Almost four years later, however, President Bush isn't getting a lot of credit for his compassion. Predictably, the Democrats threaten to see his bet and raise it: to John Kerry, Bush's gusher of domestic spending is but a trickle, downwards, of course. So the administration's compassion—which extends to taxpayers too, after all—by comparison looks half-hearted. Besides, job growth is lagging, the deficit is rising, and no one is very excited about Bush's ongoing domestic agenda, least of all conservatives.
The premise of Ronald Reagan's domestic policy was clear: limited government. He cut taxes, reduced the regulatory burden on business, and kept discretionary domestic spending under control. Even though he failed in his larger ambitions to rein in the federal government, the touchstone by which to measure his success or failure was reasonably clear.
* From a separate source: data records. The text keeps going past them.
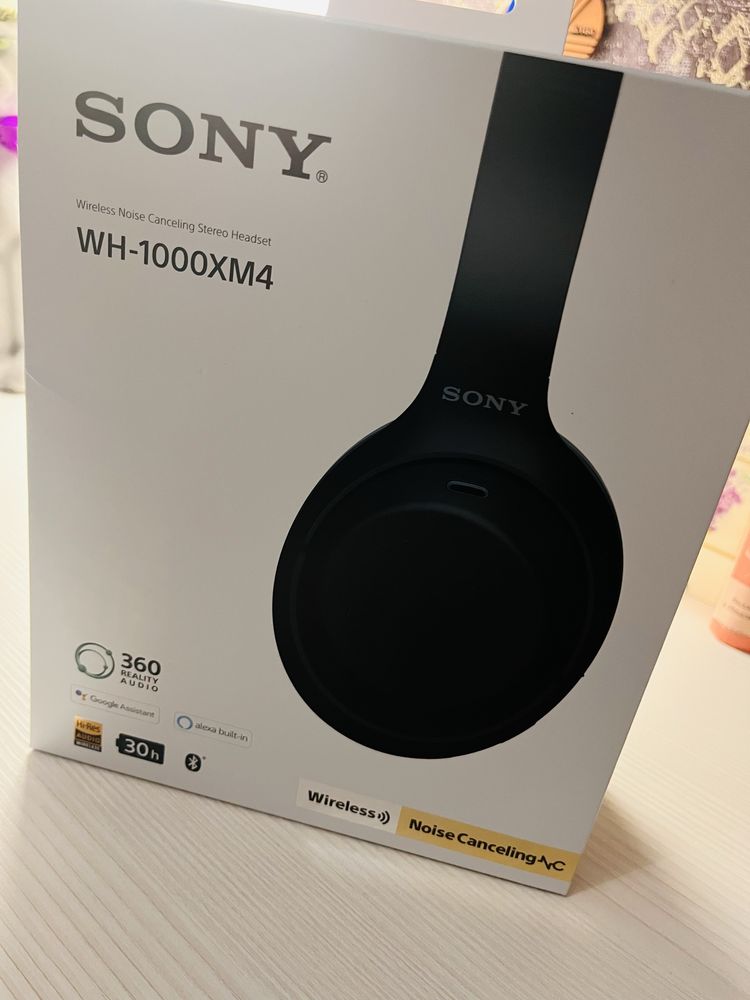 Sony WH-1000XM4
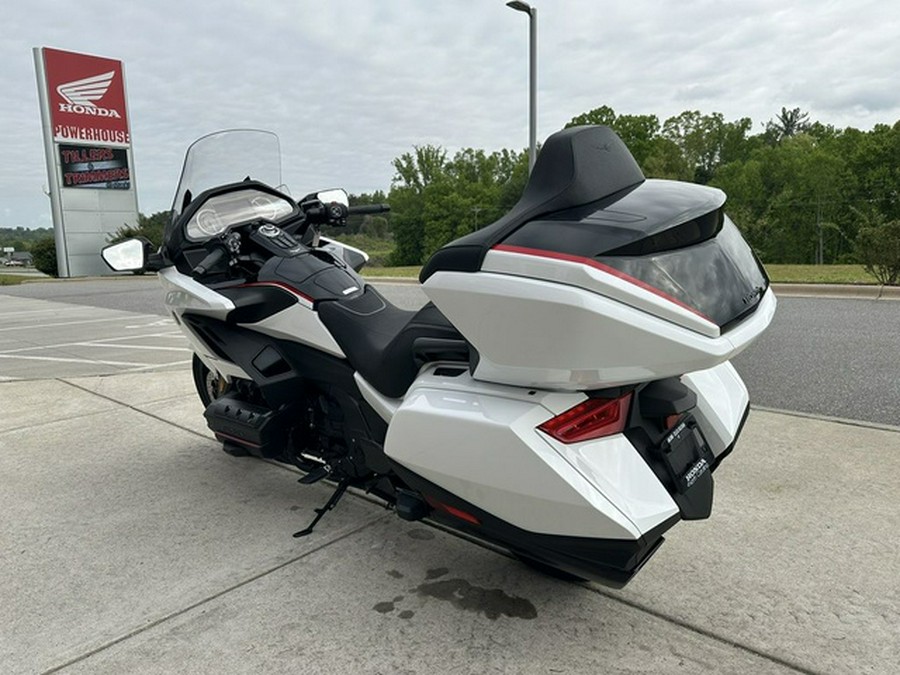 2024 Honda Gold Wing Tour Automatic DCT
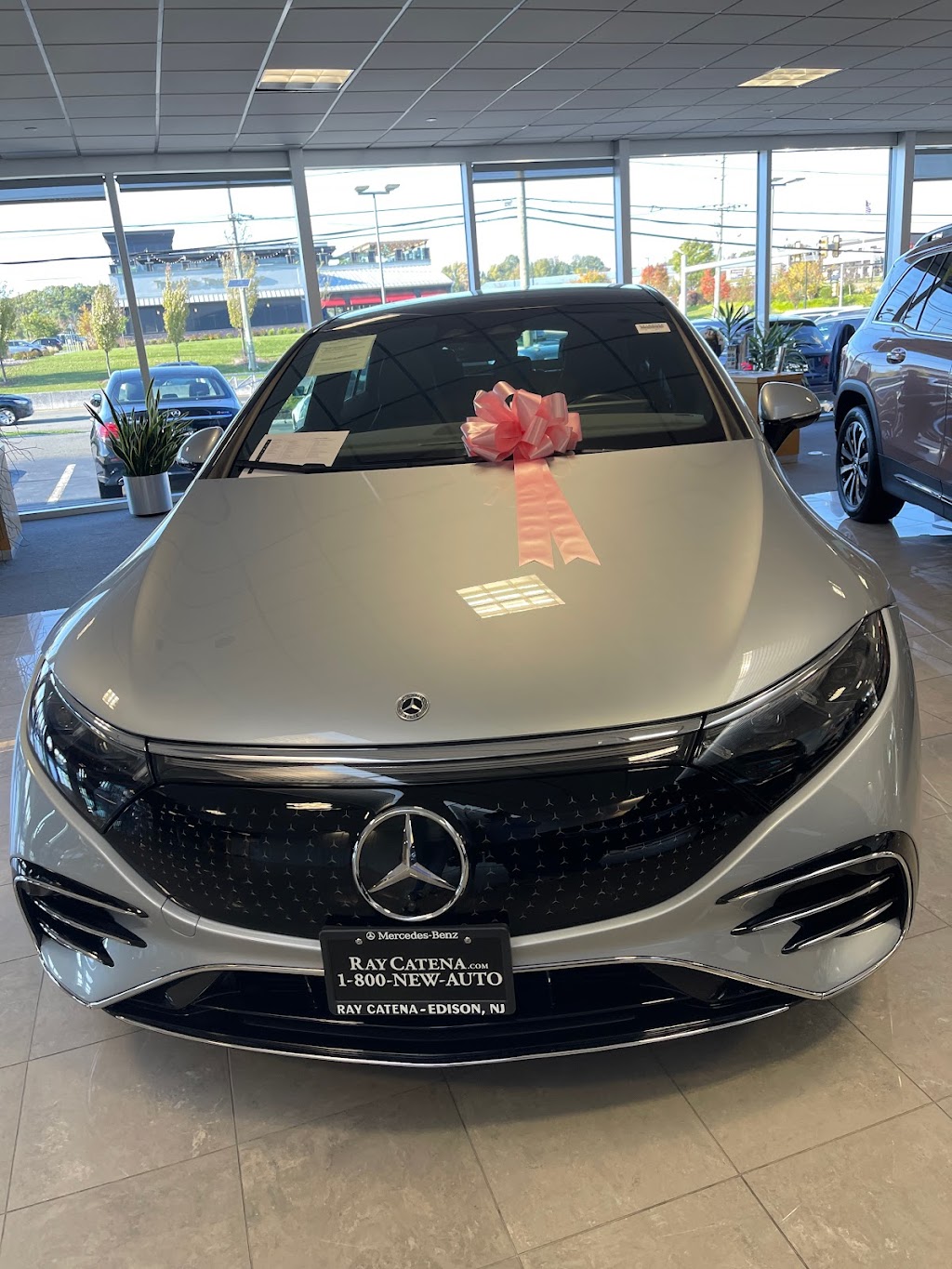 Mercedes-Benz of Edison - A Ray Catena Dealership | 910 US-1, Edison, NJ 08817 | Phone: (732) 394-1870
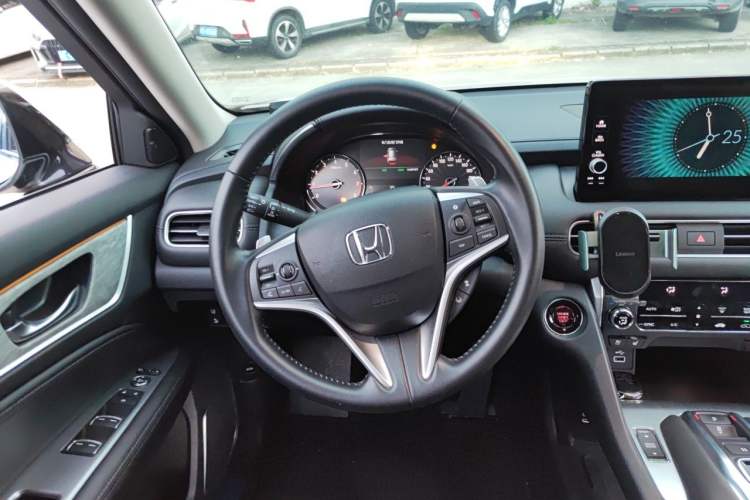 Used Honda Avancier 2023 370TURBO Four-Wheel Drive Luxury Edition Steering Wheel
One can't say the same about the Bush Administration.
The best case for the president's policies is made by ingenious commentators like George Will and Daniel Casse, who argue that Bush is pioneering a timely, audacious version of "big government conservatism." But you'll never hear him say that, and for good reason—because it would dishearten his friends and enlighten his enemies.
As a political issue suddenly coming out of the closet, gay marriage affords Bush some advantages but probably not many. His compassionate stance screens him against charges of bigotry, but makes it harder to press the argument that lies behind the public's anxiety, which is not so much that judges are out of control but that homosexuality is bad or wrong or at least not as good as its opposite.
To the extent that he lacks a firm foundation and rallying point for his domestic policy, Bush is forced increasingly to stake his reelection on foreign policy. Like his father before him, it was the pressure of events that drove him to it. In his father's case, it was the fall of the Soviet empire followed by Saddam's invasion of Kuwait; in his own case, the awful events of September 11, 2001. Bush knows how much his father's premature declaration of victory in Iraq damaged him, combined, to be sure, with his fatal blunder of raising taxes after promising not to. That's one mistake that George W. will not make. But even his insistent tax cutting hasn't won him the support he needs.
Despite his best efforts, then, Bush is more of a foreign policy president than he'd like to be. But he's making the most of it, steeled by the fact that the country still faces ruthless foes who will exploit any weakness, and calling himself, accordingly, a "war president." Indeed, he calls himself this rather often, as if we needed reminding. Does he worry that the public has forgotten already? And truly it is a strange kind of war that permits the country blithely to agree to a new drug entitlement and to the highest increases in domestic spending since the Great Society, all the while being reassured that the military need not expand by so much as a platoon.
The polls suggest that as Americans feel more secure, or at least as they notice the war less, they regard President Bush less favorably. This has led a few critics to wonder if victory is his electoral nemesis, as it was for Churchill in 1945. But Bush doesn't claim to have won the war on terrorism; indeed, he emphasizes that it's a new kind of war that will go on for a long, long time.
Perhaps, then, what the voters really wonder is whether this is war or only a new kind of protracted, indecisive police action, better fought now by airport screeners and international organizations than by the military. In that case, Americans may be tempted to elect a candidate who will declare victory—or stalemate—and bring our troops home. After decades of intoning the lessons of Vietnam, John Kerry's moment may have arrived, just when we need a war president who will insist on nothing short of victory.